ECLI:NL:RVS:2023:643
Raad van State
- Voorlopige voorziening
- Rechtspraak.nl
Voorlopige voorziening in asielzaak met betrekking tot uitzetting en opvang van vreemdeling
In deze zaak heeft de vreemdeling beroep ingesteld tegen het niet tijdig nemen van een besluit op zijn aanvraag voor een verblijfsvergunning asiel voor bepaalde tijd. De rechtbank Den Haag heeft op 24 juni 2022 het beroep gegrond verklaard en de staatssecretaris van Justitie en Veiligheid opgedragen om binnen acht weken een besluit te nemen. De staatssecretaris heeft echter op 17 januari 2023 de aanvraag van de vreemdeling afgewezen, waarop de vreemdeling hoger beroep heeft ingesteld en de voorzieningenrechter heeft verzocht om een voorlopige voorziening.

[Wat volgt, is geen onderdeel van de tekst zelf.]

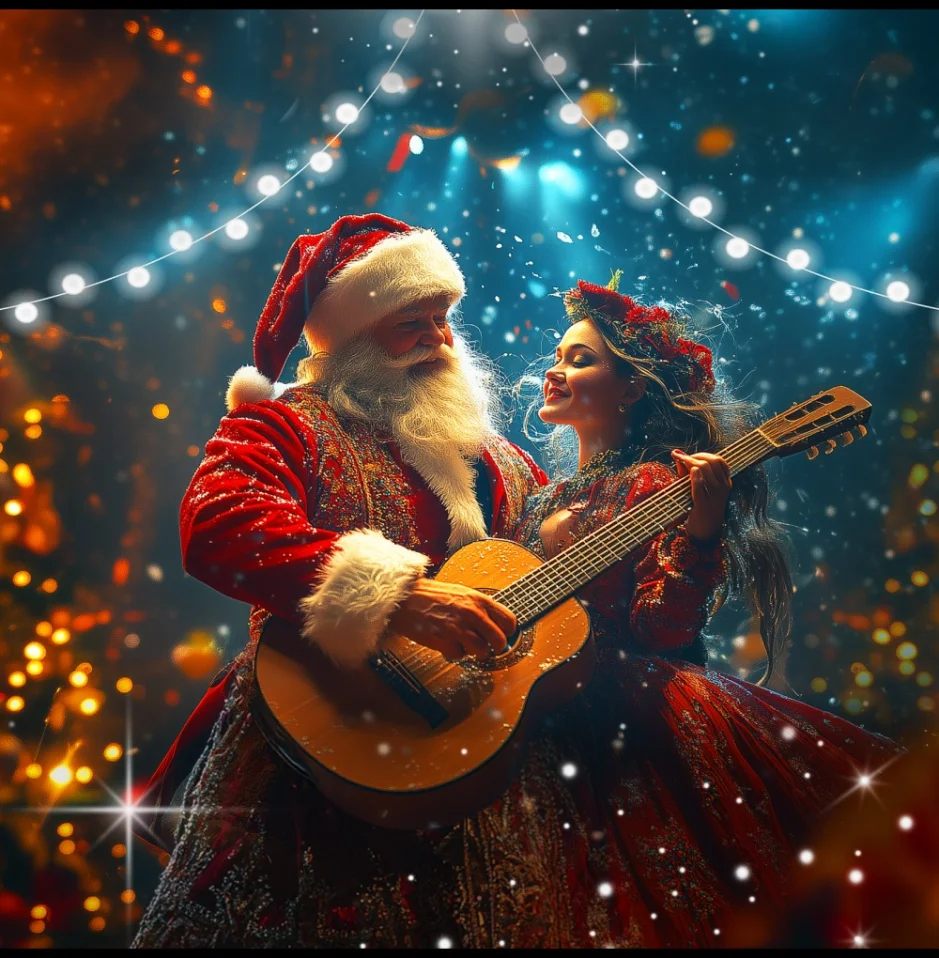 Звездное, Дед-Морозное!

De vreemdeling verzocht de voorzieningenrechter om te bepalen dat hij niet zou worden uitgezet totdat er een beslissing op het hoger beroep was genomen, en om opvang en verstrekkingen te ontvangen. De voorzieningenrechter heeft, gelet op de ingediende argumenten, besloten om de voorlopige voorziening te treffen. Dit betekent dat de vreemdeling niet mag worden uitgezet totdat er een uitspraak is gedaan in het hoger beroep.
Daarnaast heeft de voorzieningenrechter de staatssecretaris veroordeeld tot vergoeding van de proceskosten die de vreemdeling heeft gemaakt in verband met de behandeling van het verzoek. De totale kosten zijn vastgesteld op € 837,00, welke geheel zijn toe te rekenen aan door een derde beroepsmatig verleende rechtsbijstand. De uitspraak is gedaan door mr. A.J.C. de Moor-van Vugt, in aanwezigheid van griffier mr. S. Bechinka, en is openbaar uitgesproken op 15 februari 2023.